Activity
Starting with the first line of the listing, quote each line exactly until and including the one with "Blue Polyester Casual Dress", leaving pictures out.

(Input for this task begins)

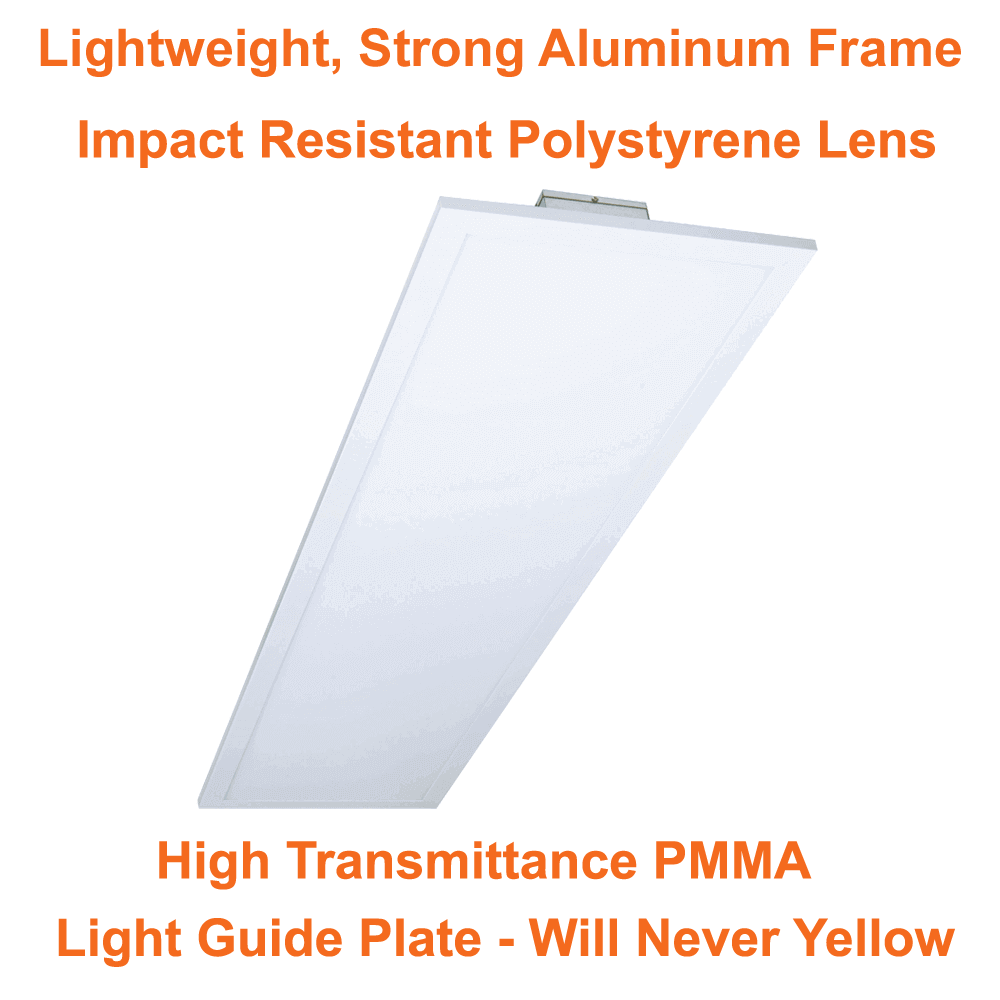 1x4 Edge Lit LED Panel Light 3 Wattage 3CCT 120-347v cUL Smart Wireless Network Controls Ready 3 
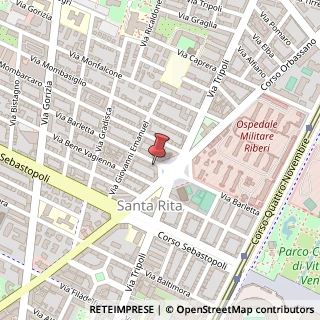 Mappa Piazza Santa Rita da Cascia, 7, 10136 Torino, Torino (Piemonte)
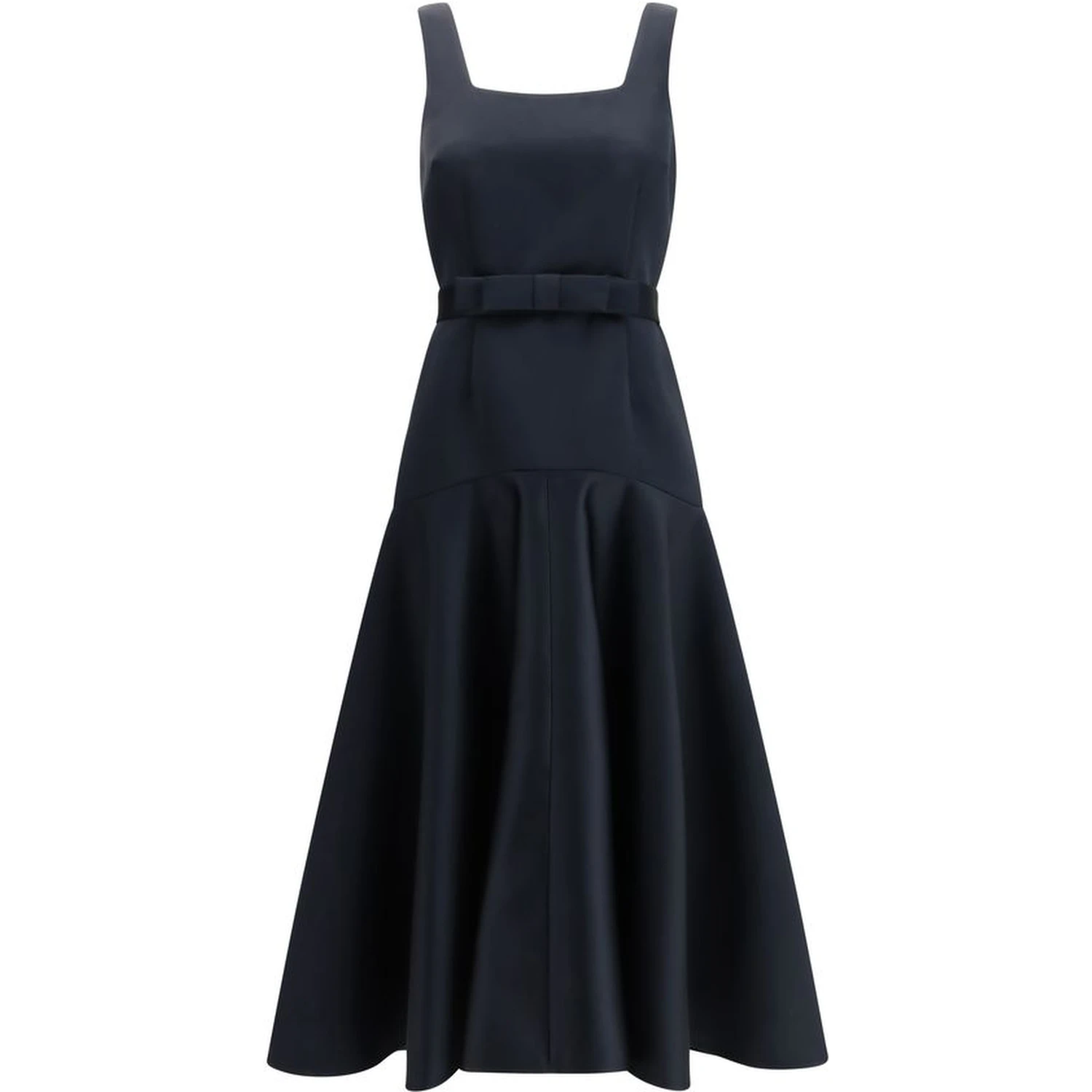 Blue Polyester Casual Dress
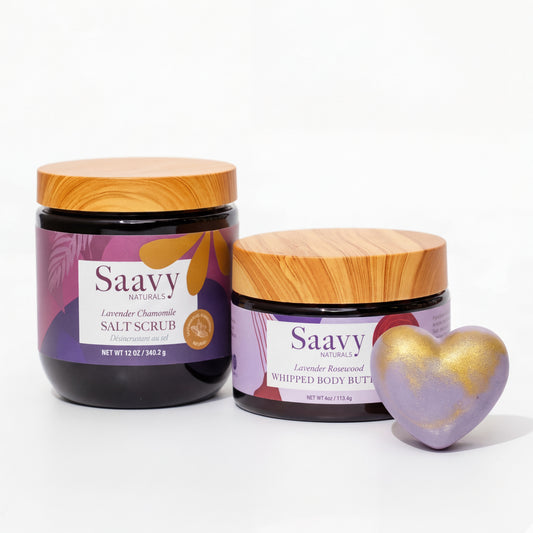 Saavy Naturals Lavender Chamomile Body Care Bundle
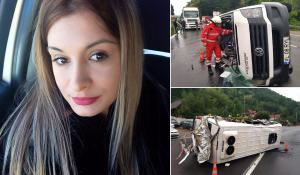 Geanina a murit în cumplitul accident din Bujoreni: 'Îngerul nostru, nu pot să cred!'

(Input for this task ends)

Solution to the problem
 1x4 Edge Lit LED Panel Light 3 Wattage 3CCT 120-347v cUL Smart Wireless Network Controls Ready 3 
 Mappa Piazza Santa Rita da Cascia, 7, 10136 Torino, Torino (Piemonte)
 Blue Polyester Casual Dress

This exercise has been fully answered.